__Collected data__
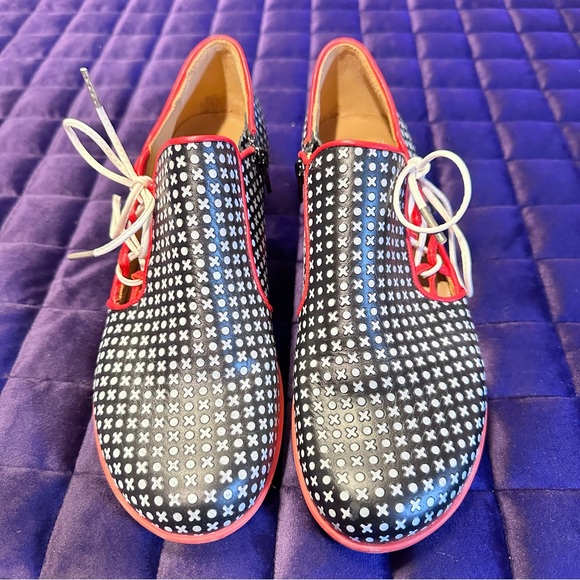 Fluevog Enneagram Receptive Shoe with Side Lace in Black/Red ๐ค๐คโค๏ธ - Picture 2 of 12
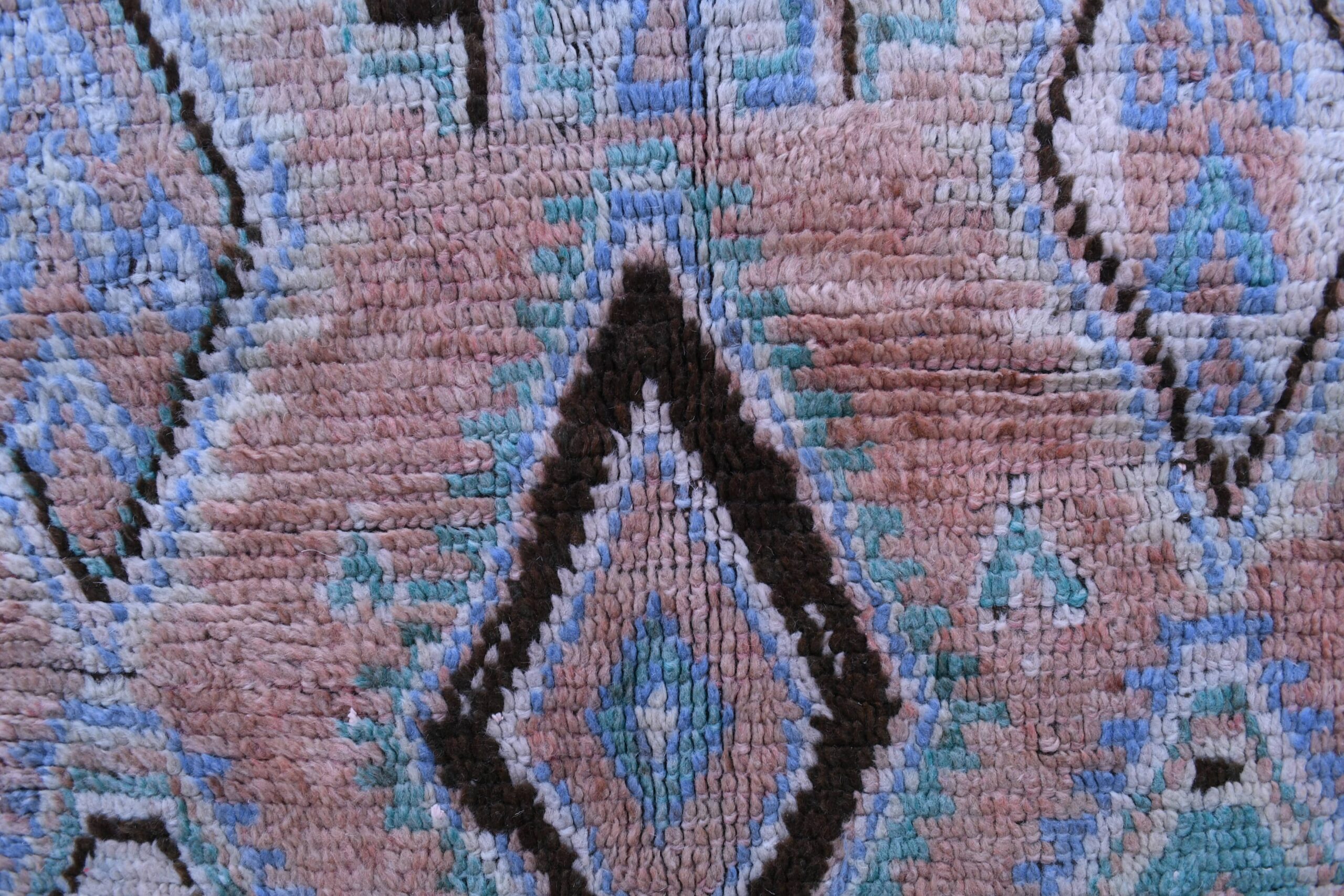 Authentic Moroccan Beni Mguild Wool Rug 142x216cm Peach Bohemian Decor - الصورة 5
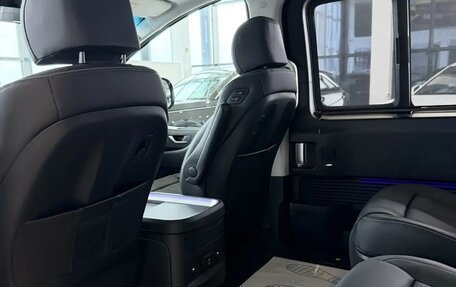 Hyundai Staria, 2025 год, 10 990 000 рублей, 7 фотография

__Aim of the exercise__
Take the data above and repeat it exactly, leaving each picture out.

__Answer area__
 Fluevog Enneagram Receptive Shoe with Side Lace in Black/Red ๐ค๐คโค๏ธ - Picture 2 of 12
 Authentic Moroccan Beni Mguild Wool Rug 142x216cm Peach Bohemian Decor - الصورة 5
 Hyundai Staria, 2025 год, 10 990 000 рублей, 7 фотография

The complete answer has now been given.